POSSIBLE IMPLEMENTATIONS:
a) local sqlite3 database + data blobs as separate files, SINGLE index file like "/tmp/STAR/offline.sqlite3.cache" for ALL requests;
b) local sqlite3 database + data blobs as separate files, MULTIPLE index files, one per request path.

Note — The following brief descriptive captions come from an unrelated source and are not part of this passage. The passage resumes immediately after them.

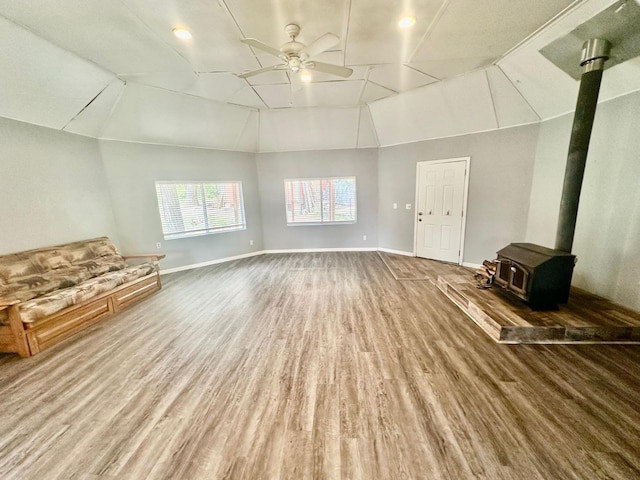 unfurnished living room with a wood stove, ceiling fan, lofted ceiling, baseboards, and wood finished floors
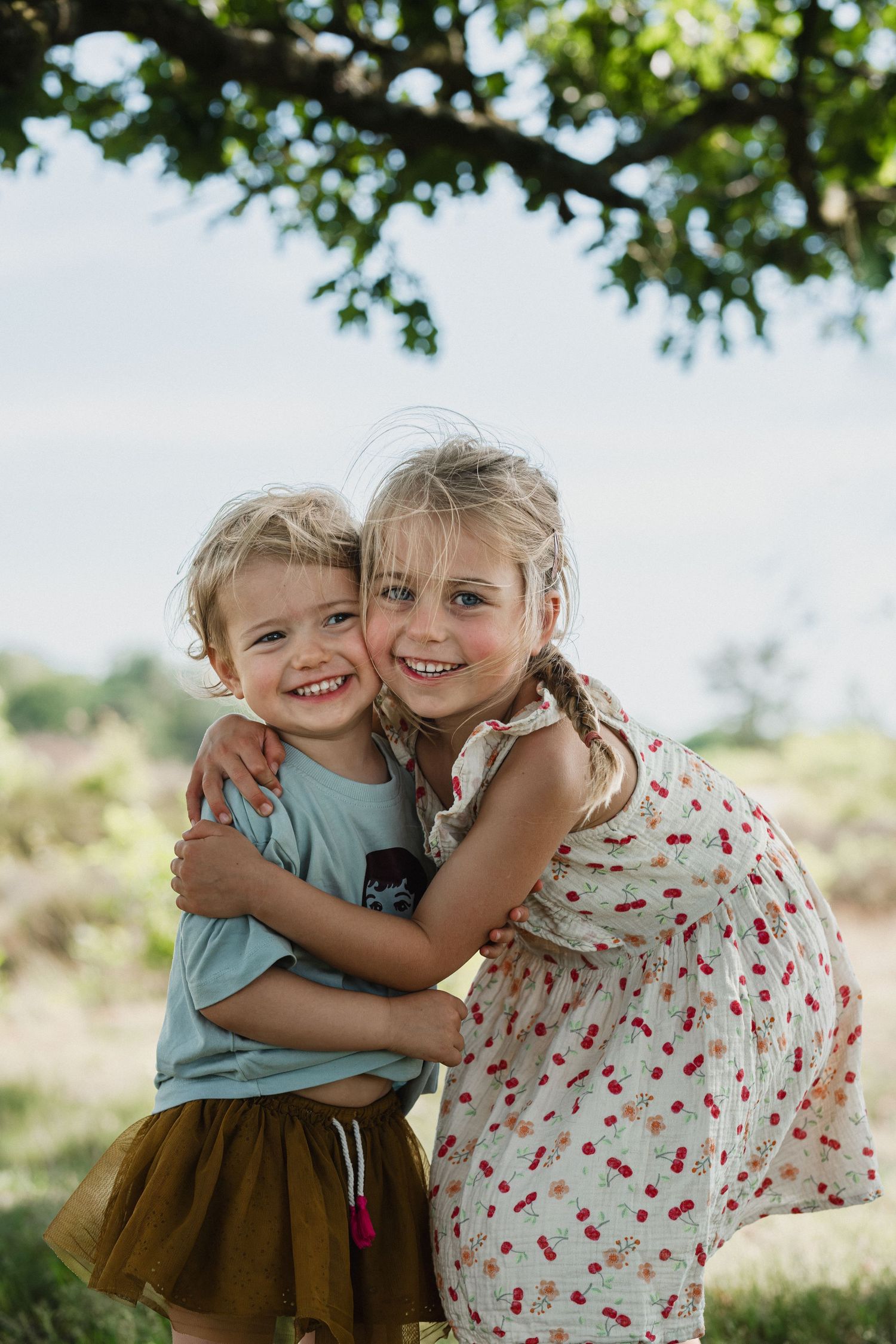 Two young sisters hugging and smiling outdoors under a tree on a sunny day.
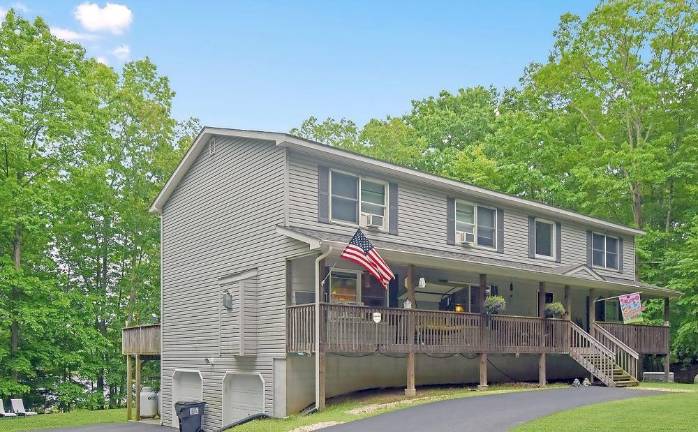 Elegant five-bedroom lakefront colonial is an entertainer’s dream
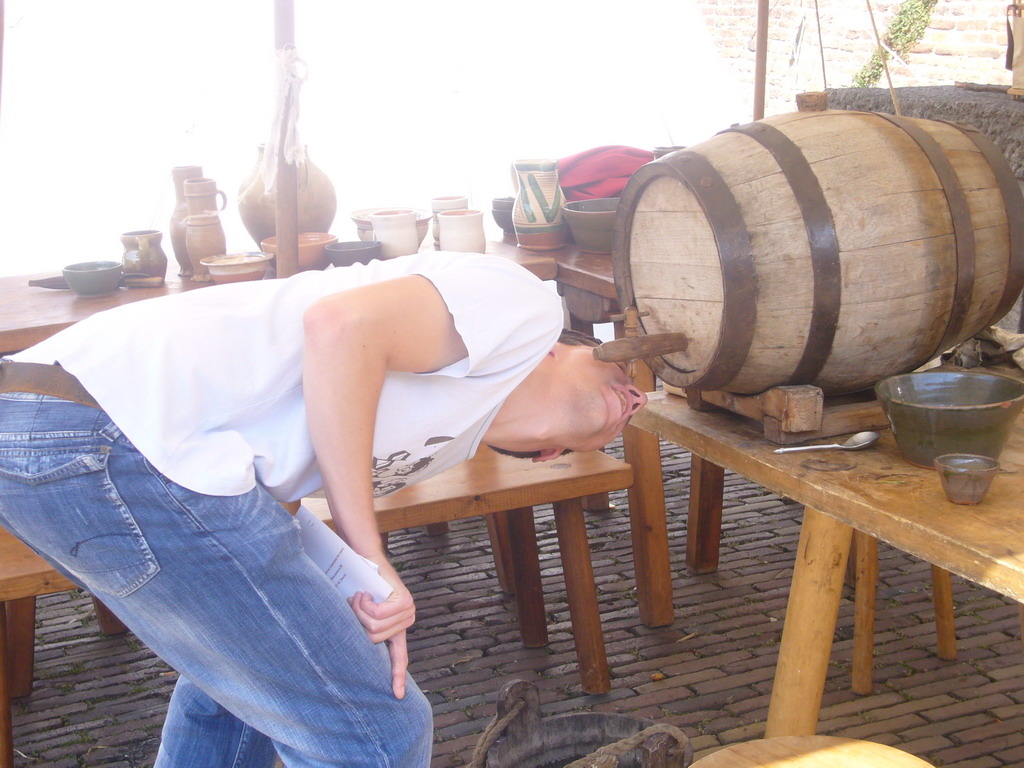 Tim drinking from a tap at the Sint Stevenskerkhof square, during the Gebroeders van Limburg Festival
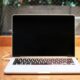 laptop computer beside coffee mug
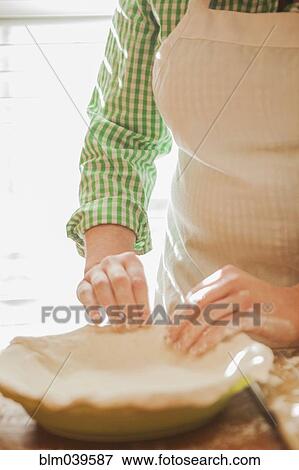 Baker pressing pie dough in dish View Large Photo Image Stock Photo - Baker pressing pie dough in dish. Fotosearch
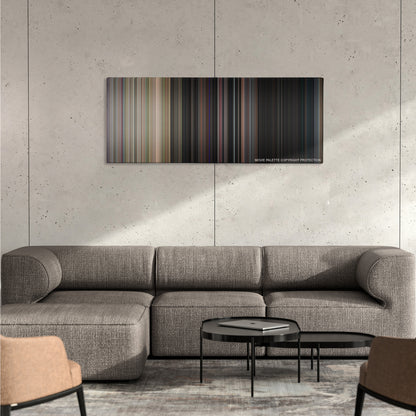 Dazed and Confused color palette canvas on a concrete wall above a gray sectional sofa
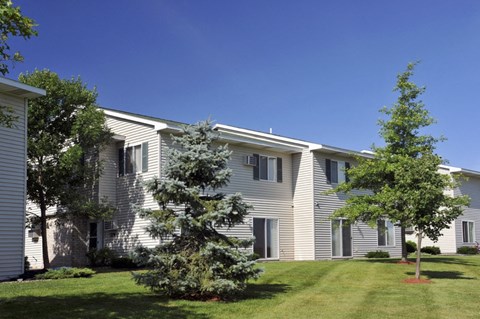 an apartment building with trees in front of it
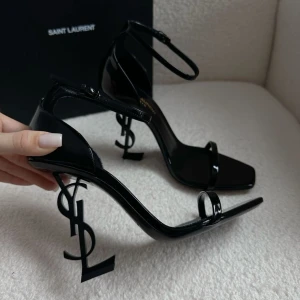 Svarta Saint Laurent klackar med logoklack - Säljer ett par svarta klackskor från Saint Laurent med öppen tå och tunn rem över foten. Klacken är formad som YSL-loggan vilket ger en unik och lyxig look. Skorna har ankelrem med spänne och är i glansigt material.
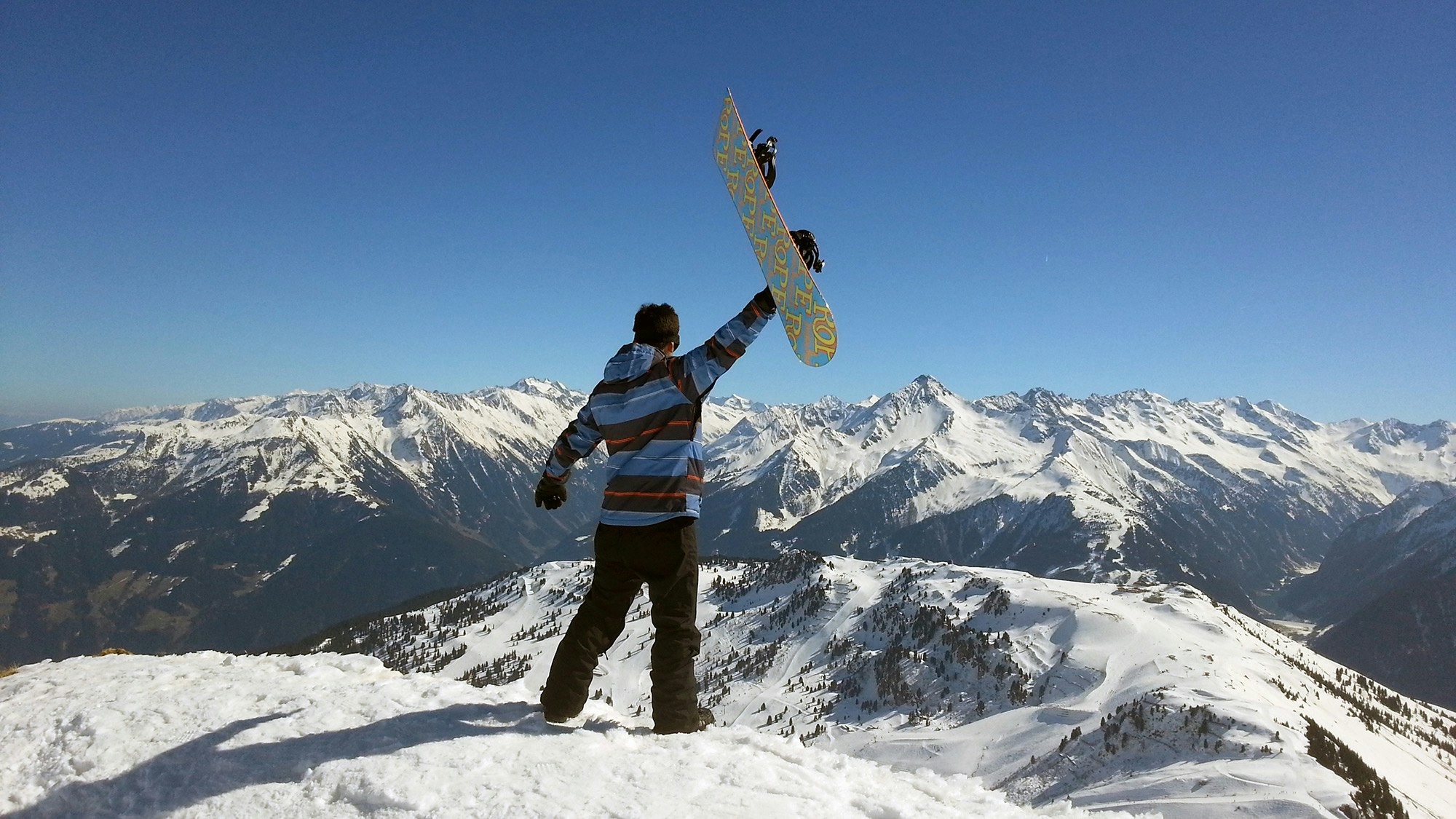 Mann mit Snowboard auf einem Berggipfel.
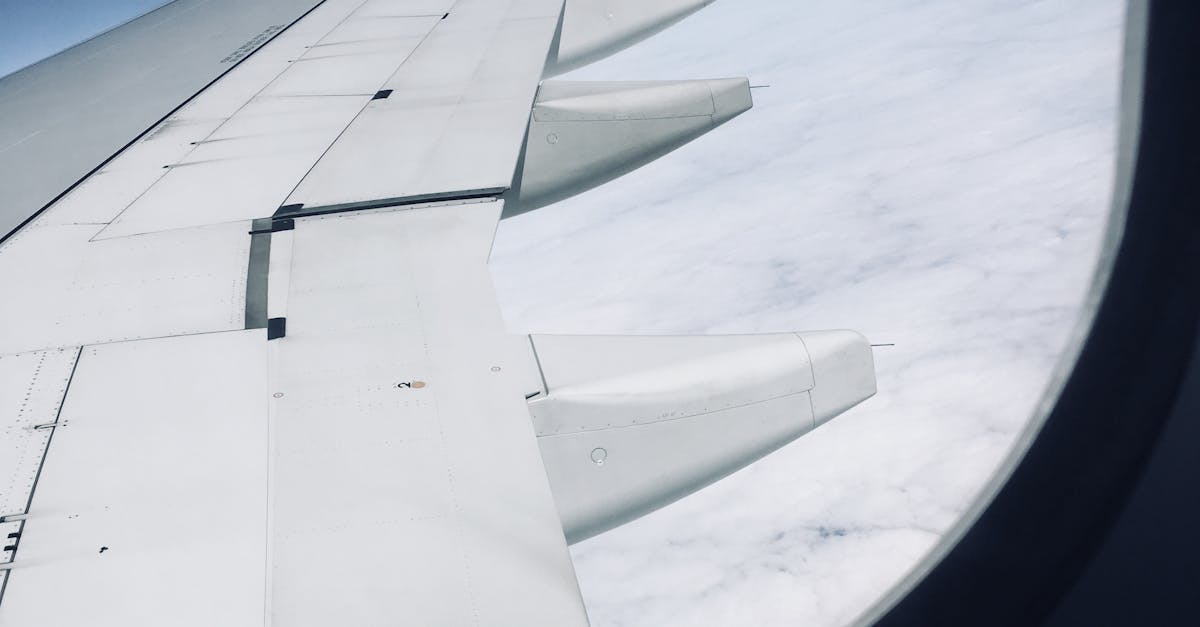 Photo by ZA Sonder A high-altitude view from an airplane window capturing the wing against a clear sky.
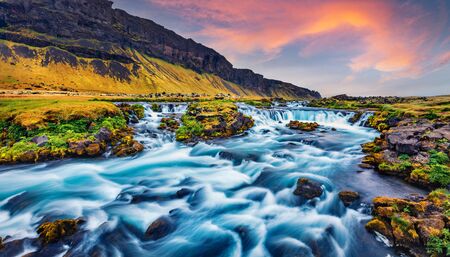 Attractive summer view of small waterfall near Bjodvegur road. Fabulous sunrise on Iceland, Vik location. Beauty of nature concept background.の写真素材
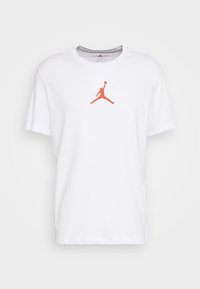 Vit kortärmad t-shirt med rund halsringning med en röd siluett av en basketspelare som hoppar och håller en boll på bröstet.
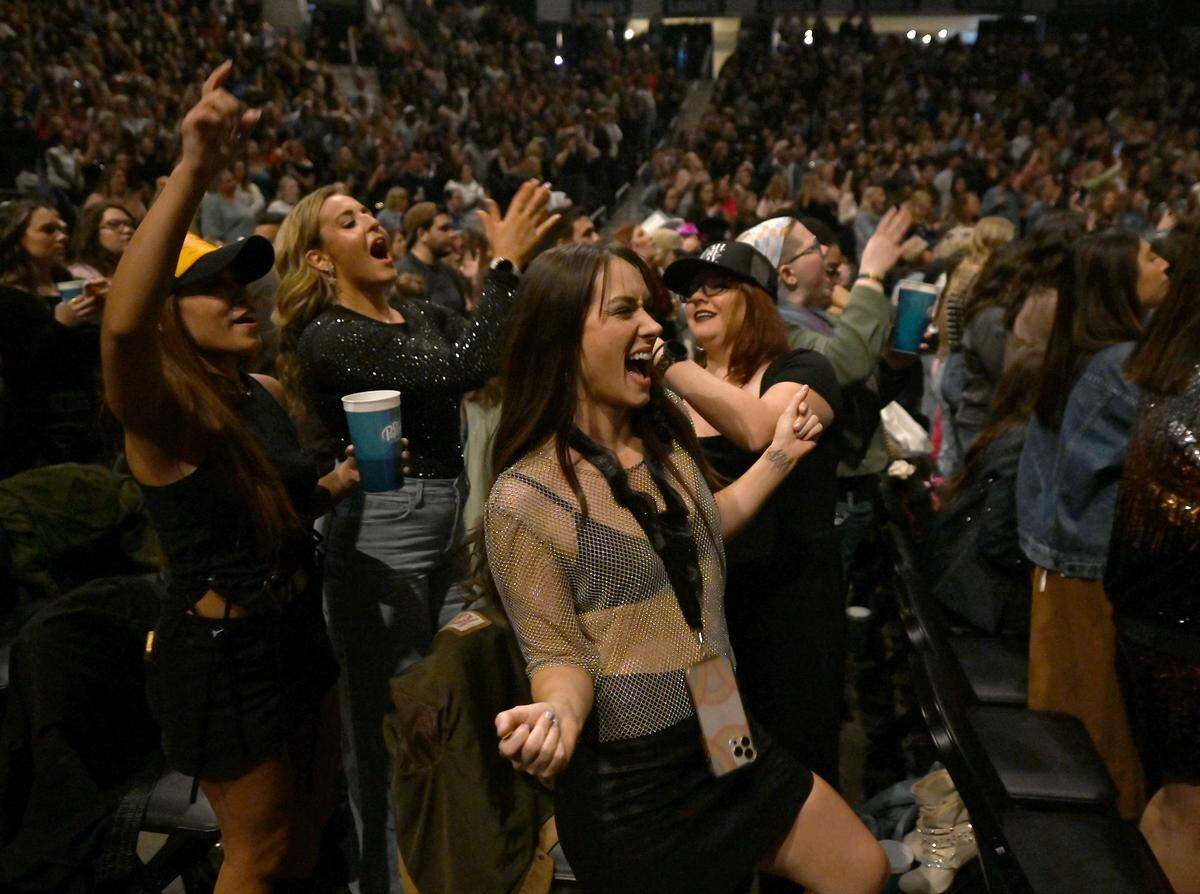 Fans react as Kelsea Ballerini takes the stage at Spectrum Center on Thursday night.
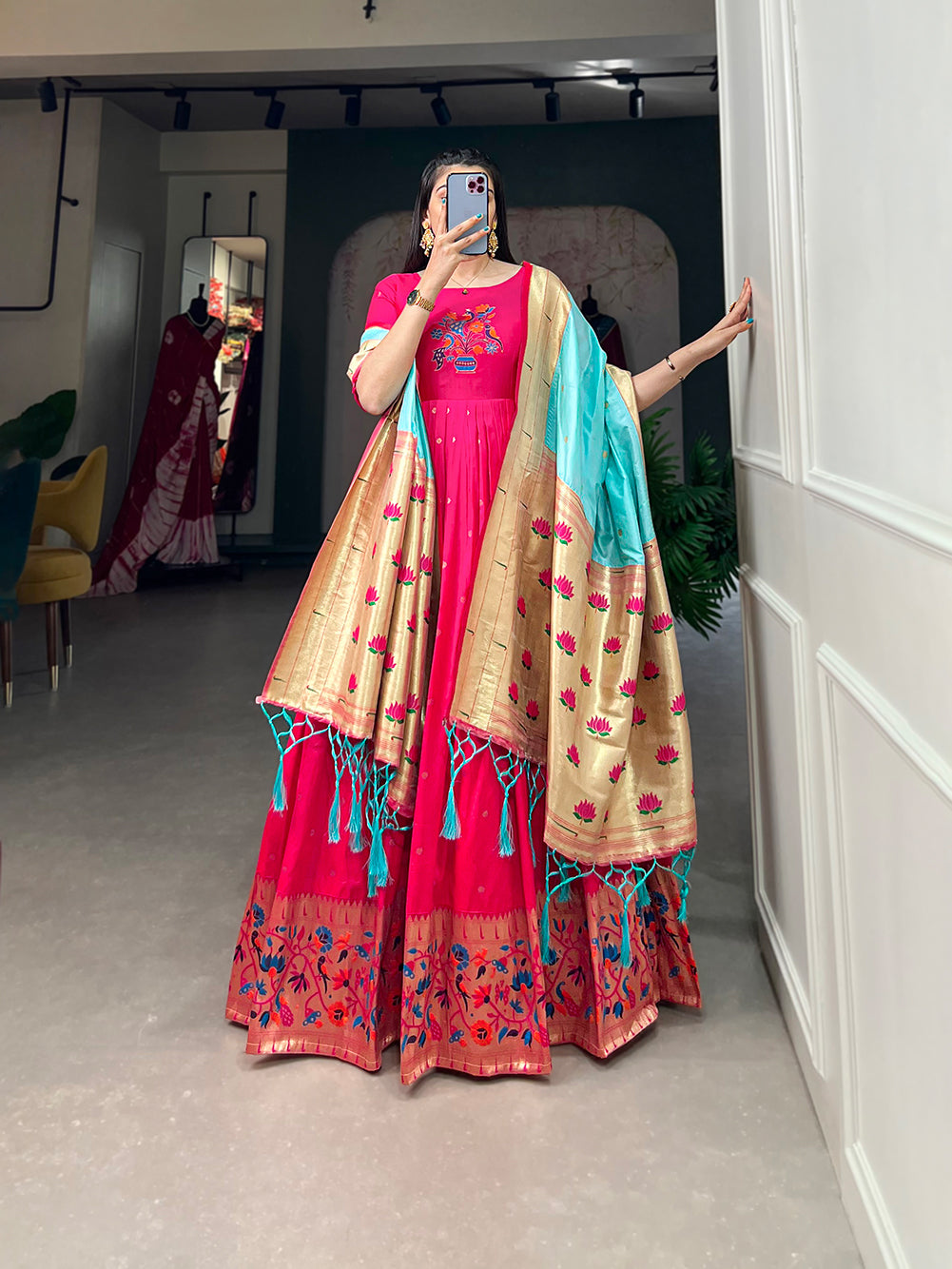 Woven with threads of tradition and dreams, the Jacquard silk Paithani dress embodies timeless elegance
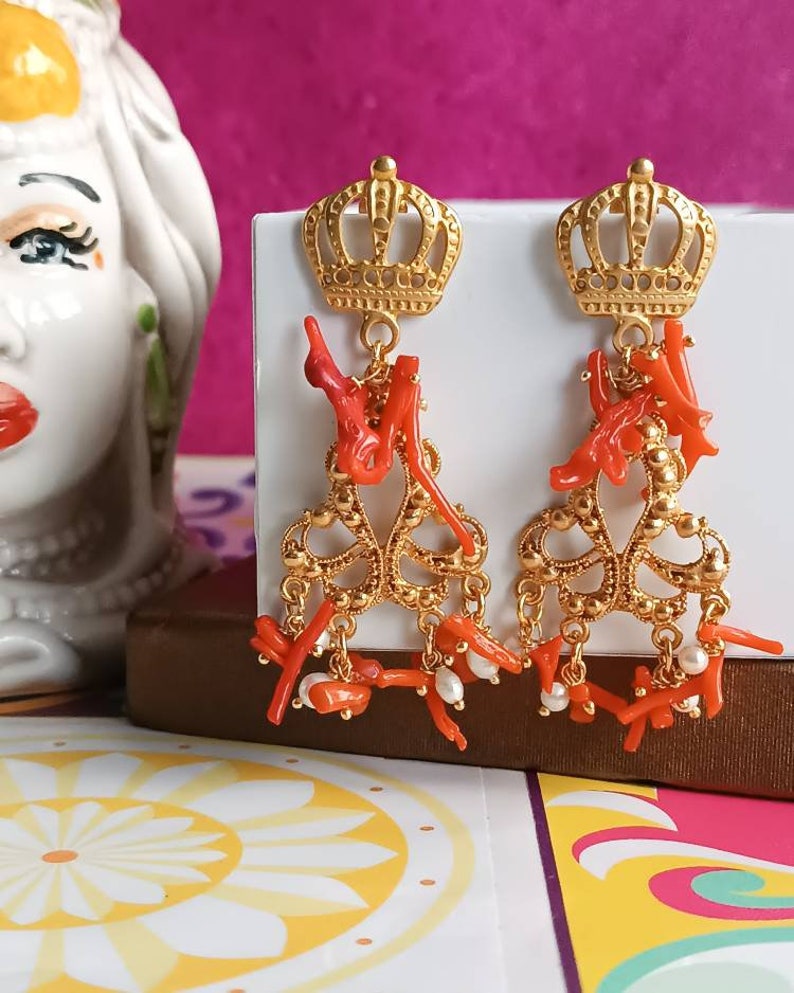 May include: Gold crown dangle earrings with red coral and white pearl accents.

Say, request is "bemc/mapping/2003/emcPed", therefore, we will have "/tmp/STAR/sha1(request_path).sqlite3.cache" file for all data entries;
c) local embedded MySQL server (possibly, standalone app) + data blobs as separate files;
d) other in-house developed solution;

-----------------------------------------------------------------------------------------------------------------------------

SQLITE 3 database table format : [char sha1( path_within_subsystem ) ] [timestamp: beginTime] [timestamp: endTime] [seconds: expire] [char: flavor]

SQLITE 3 table file : /tmp/STAR_OFFLINE_DB/ sha1 ( [POOL] / [DOMAIN] / [SUBSYSTEM] ) / index.cache

SQLITE 3 blob is located at : /tmp/STAR_OFFLINE_DB/ sha1 ( [POOL] / [DOMAIN] / [SUBSYSTEM] ) / [SEGMENT] / sha1( [path_within_subsystem][beginTime][endTime] ).blob.cache

[SEGMENT] = int [0]...[N], for faster filesystem access

database access abstraction libraries overview

Name	Backends	C/C++	Linux/Mac version	Multithreading lib/drivers	RPM available	Performance	Licence
OpenDBX	Oracle,MySQL, PostgreSQL, Sqlite3 + more	yes/yes	yes/yes	yes/yes	yes/authors	fast, close to native drivers	LGPL
libDBI	MySQL, PostgreSQL, Sqlite3	yes/external	yes/yes	yes/some	yes/Fedora	fast, close to native drivers	LGPL/GPL
SOCI	Oracle,MySQL, PostgreSQL	no/yes	yes/yes	no/partial	yes/Fedora	average to slow	Boost
unixODBC	ALL known RDBMS	yes/external	yes/yes	yes/yes	yes/RHEL	slow	LGPL

While other alternatives exist ( e.g. OTL,QT/QSql ), I'd like to keep abstraction layer as thin as possible, so my choice is OpenDBX. It supports all databases we plan to use in a mid-term (MySQL, Oracle, PostreSQL, Sqlite3) and provides both C and C++ APIs in a single package with minimal dependencies on other packages.